__AIM OF THE EXERCISE__
Repeat the listing below in full and exactly. Pictures are to be omitted.

__THE DATA__

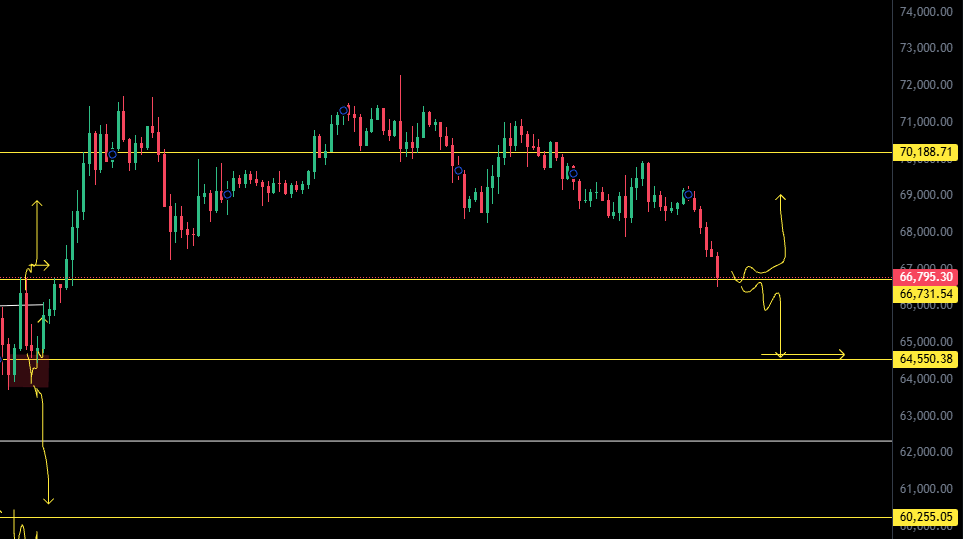 SaQiiCrypto's tweet photo. #btc below 67k again https://t.co/rufaC16Kuz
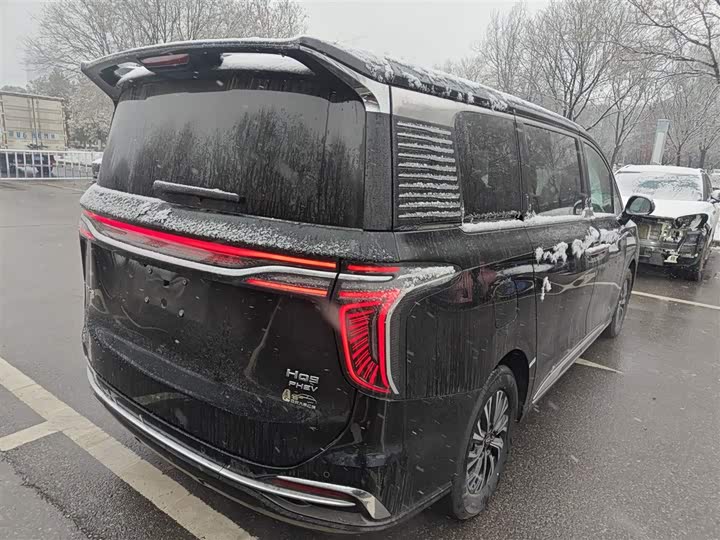 Hongqi HQ9 Hybrid 2024 2024款 2.0T 四驱商务版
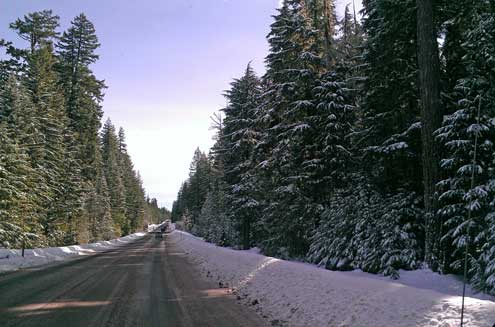 Finding snow at the higher elevations in the Cascades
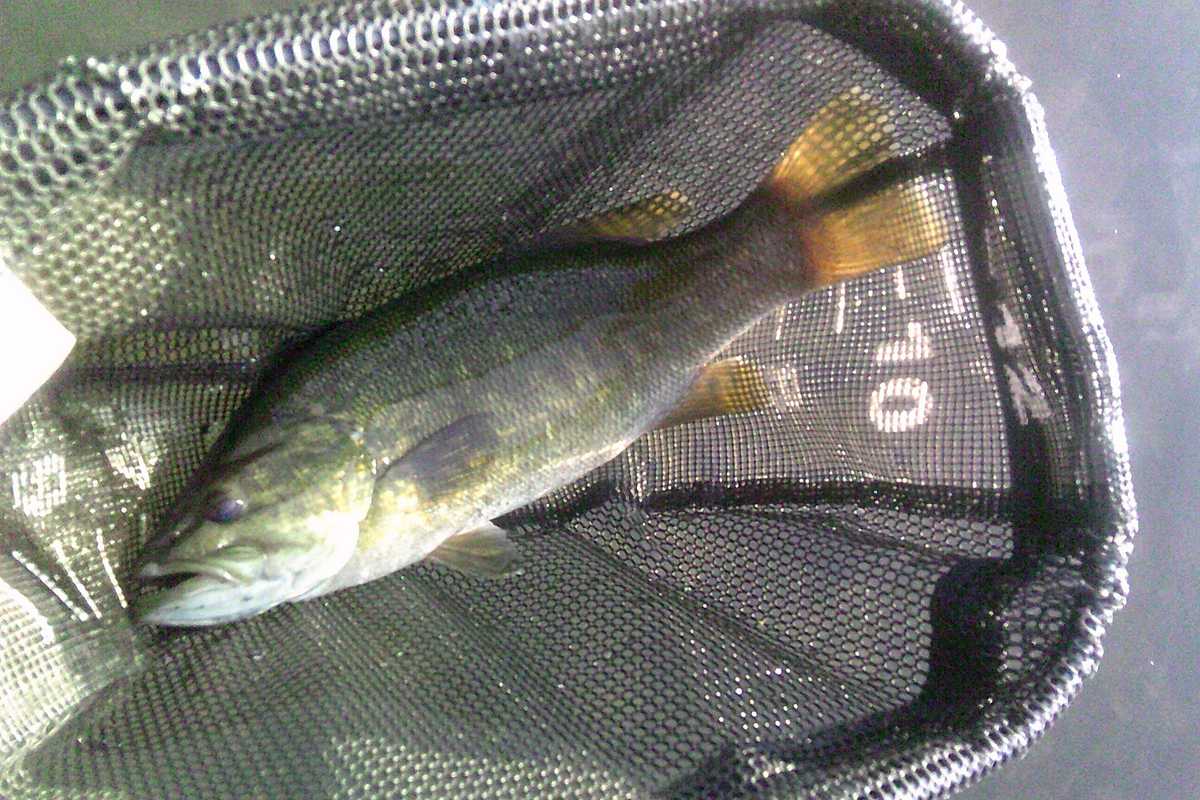 Tangled research and development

__COMPLETED TASK__
 SaQiiCrypto's tweet photo. #btc below 67k again https://t.co/rufaC16Kuz
 Hongqi HQ9 Hybrid 2024 2024款 2.0T 四驱商务版
 Finding snow at the higher elevations in the Cascades
 Tangled research and development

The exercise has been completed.